WHAT IS EXPECTED:
Starting at the line that contains "Ivory sequin and", please transcribe every line through the end of the entries, exactly and with no pictures.

[Collection entries]
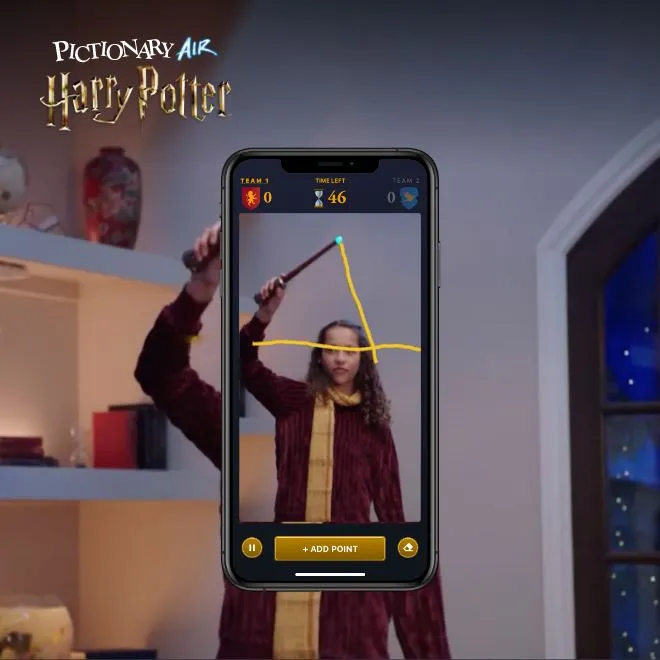 Pictionary Air Harry Potter edition gameplay through the companion app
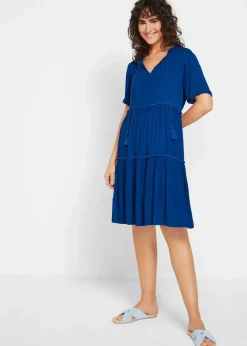 bonprix Kleider|Bekleidung·Pullover & Strickjacken^Knieumspielendes Viskose-Crinkle-Kleid mit Ausschnittdetail arktikblau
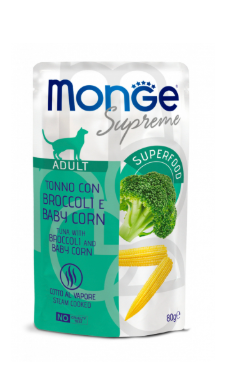 Sacco di cibo per gatti Monge Supreme AgriaPPIA da 80g con confezione aperta e crocchette visibili.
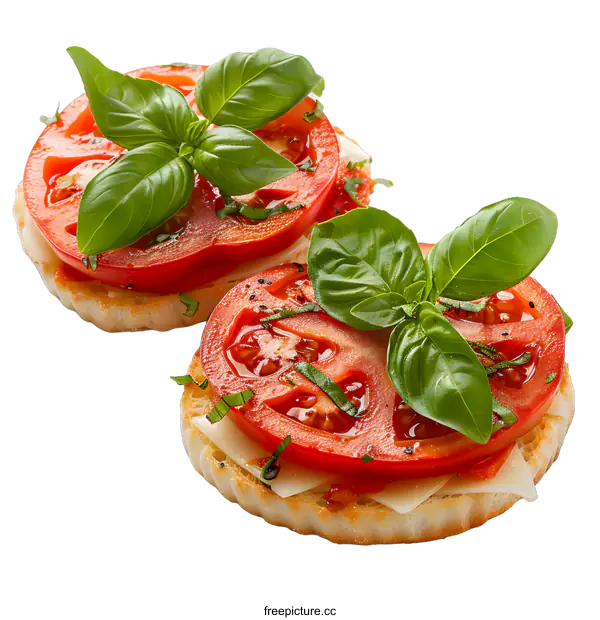 [Transparent Background PNG]Delicious tomato and cheese bruschetta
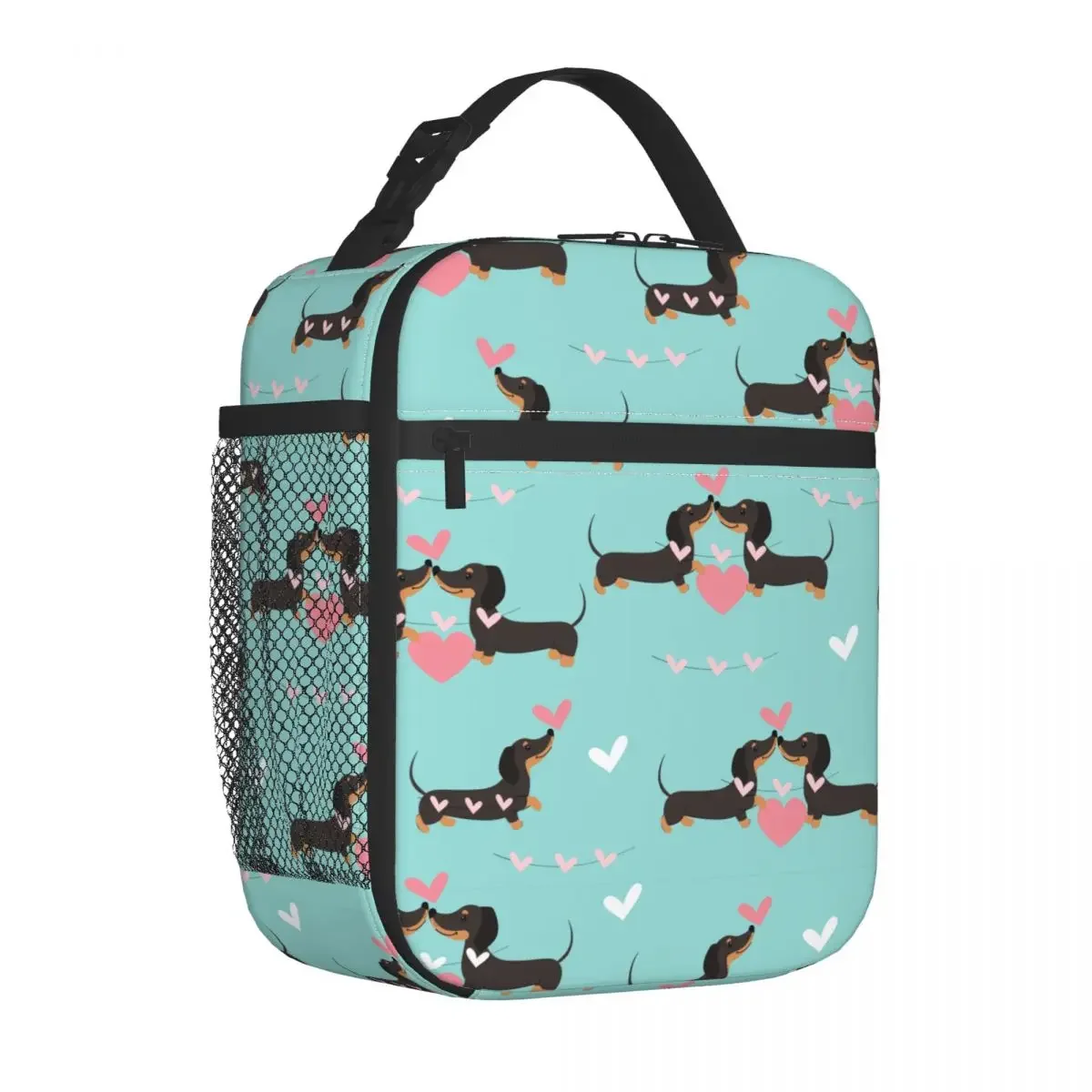 Dachshund Dogs In Love And Hearts Insulated Lunch Bags Thermal Bag Reusable Large Lunch Box Tote Men Women Beach Outdoor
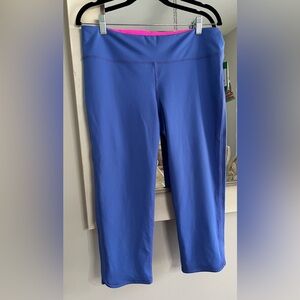 Lilly Pulitzer Blue Cropped Leggings with Pink Waistband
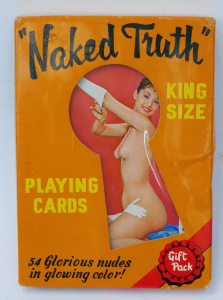 Lot 049 - 1960s Boxed Naked Truth King Size playing cards - Plastic coated 18cm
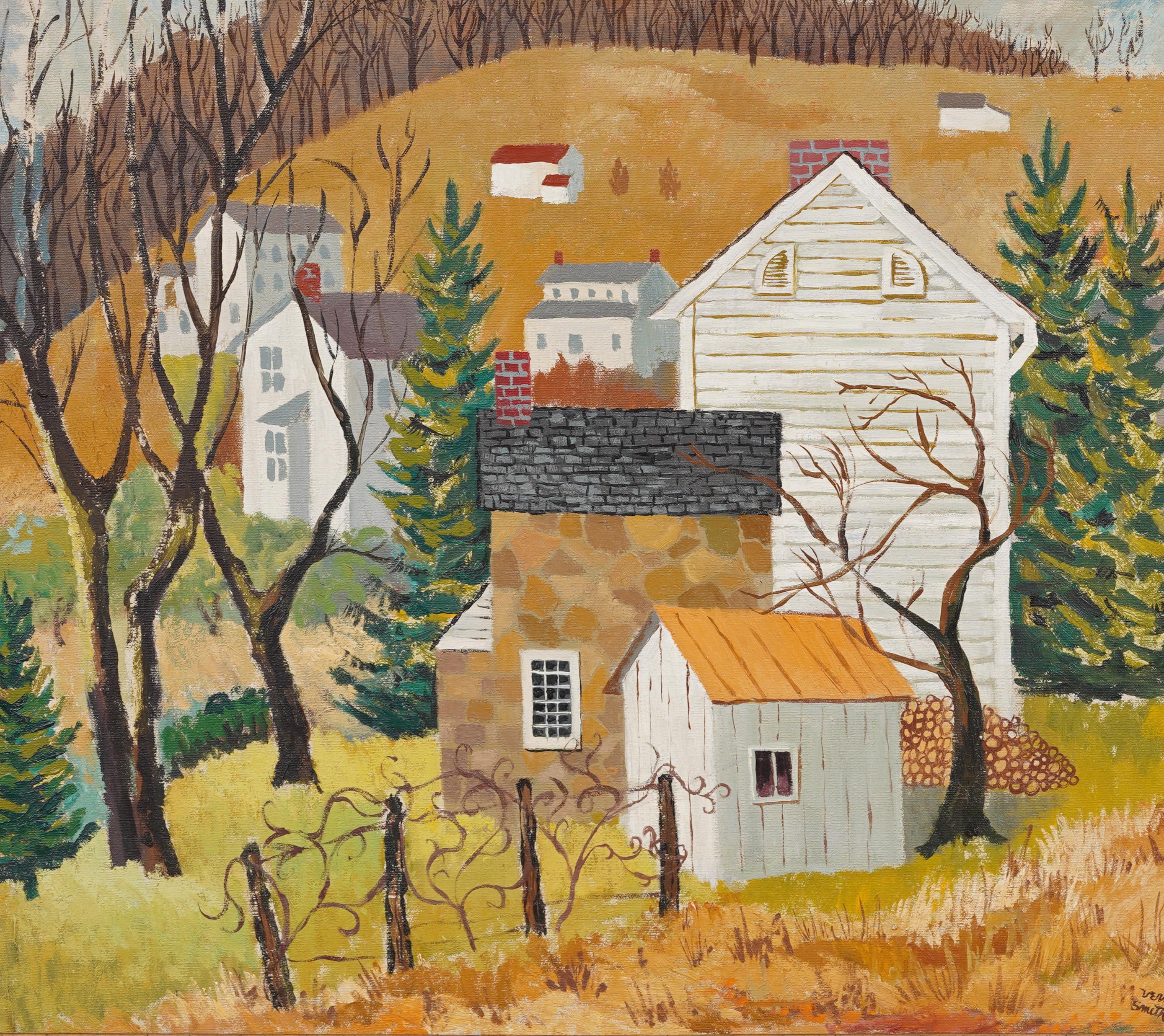 Antique American Modernist Landscape Framed New England FallOil Painting For Sale 3
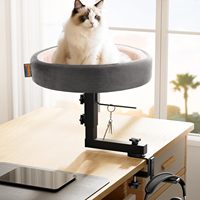 Lit pour chat réglable 2-en-1 à fixer au bureau et support pour casque, hamac pour mobilier de bureau, idéal pour la maison, le bureau ou les configurations de jeu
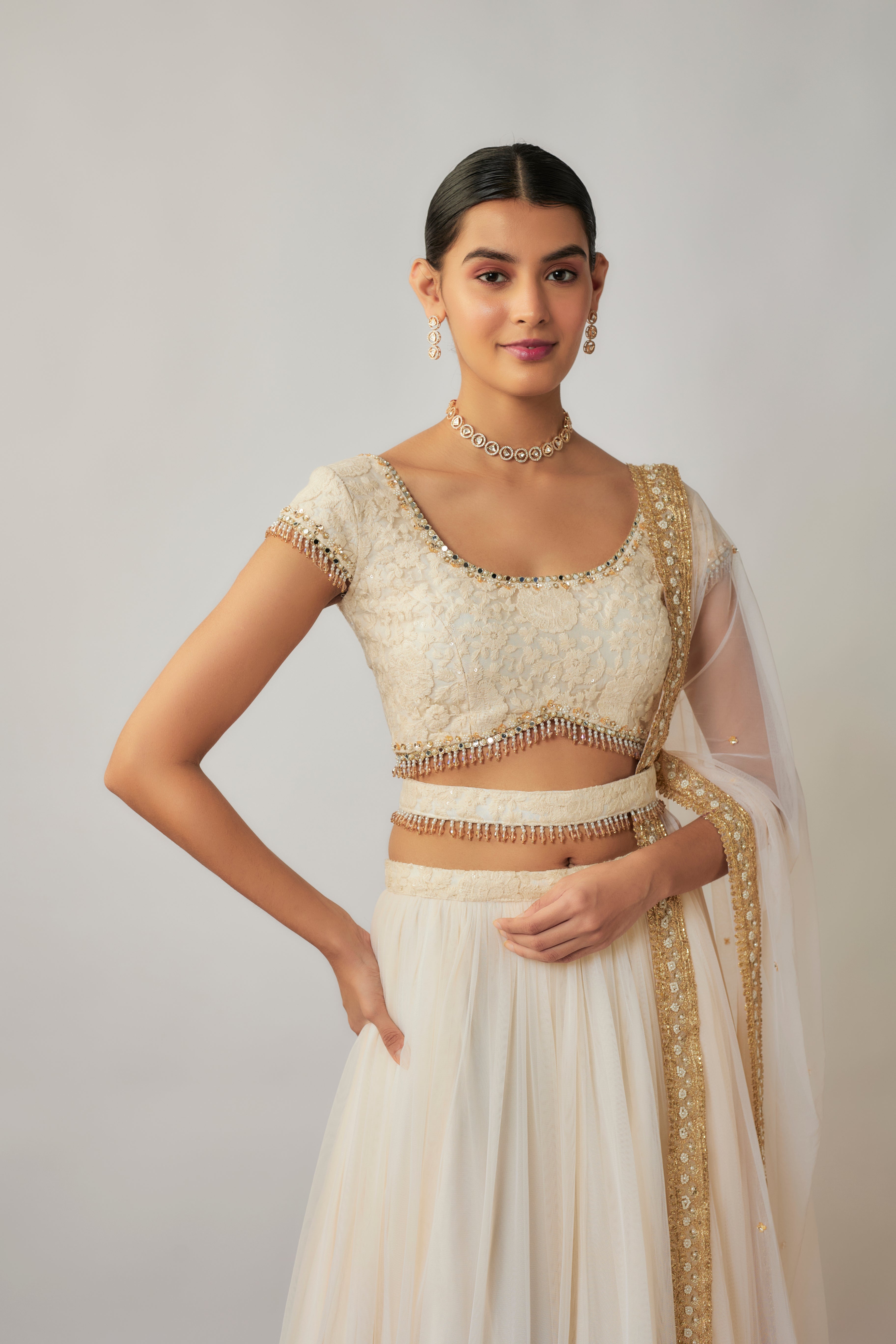 Ivory sequin and thread embroidered floral lehenga set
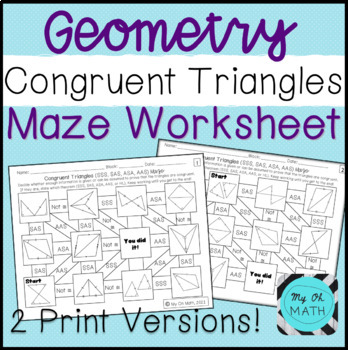 Congruent Triangles Intro Worksheets Teaching Resources Tpt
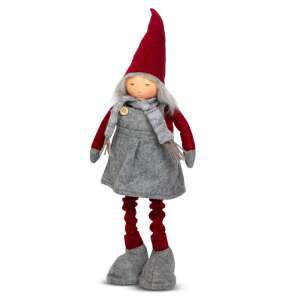 Red and grey Christmas gnome with a long nose and a red hat, standing on a white background - Nonbrand Christmas Decoration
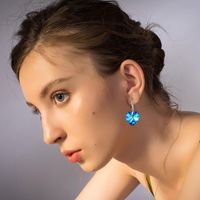 Simple Style Heart Shape Alloy Glass Women's Drop Earrings 1 Pair main image 4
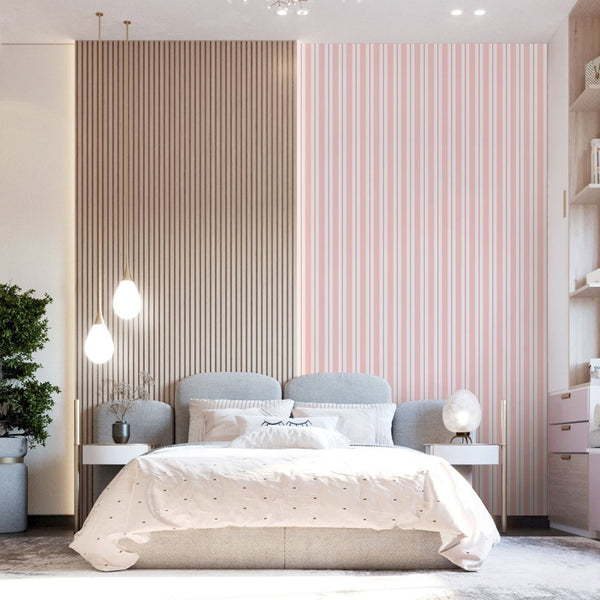 Pink Vertical Stripes Wallpaper S013 - CostaCover-Peel and stick Removable Wallpaper-accent wallpaper-adhesive wallpaper-baby bedroom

RESULT:
 Ivory sequin and thread embroidered floral lehenga set
 Congruent Triangles Intro Worksheets Teaching Resources Tpt
 Red and grey Christmas gnome with a long nose and a red hat, standing on a white background - Nonbrand Christmas Decoration
 Simple Style Heart Shape Alloy Glass Women's Drop Earrings 1 Pair main image 4
 Pink Vertical Stripes Wallpaper S013 - CostaCover-Peel and stick Removable Wallpaper-accent wallpaper-adhesive wallpaper-baby bedroom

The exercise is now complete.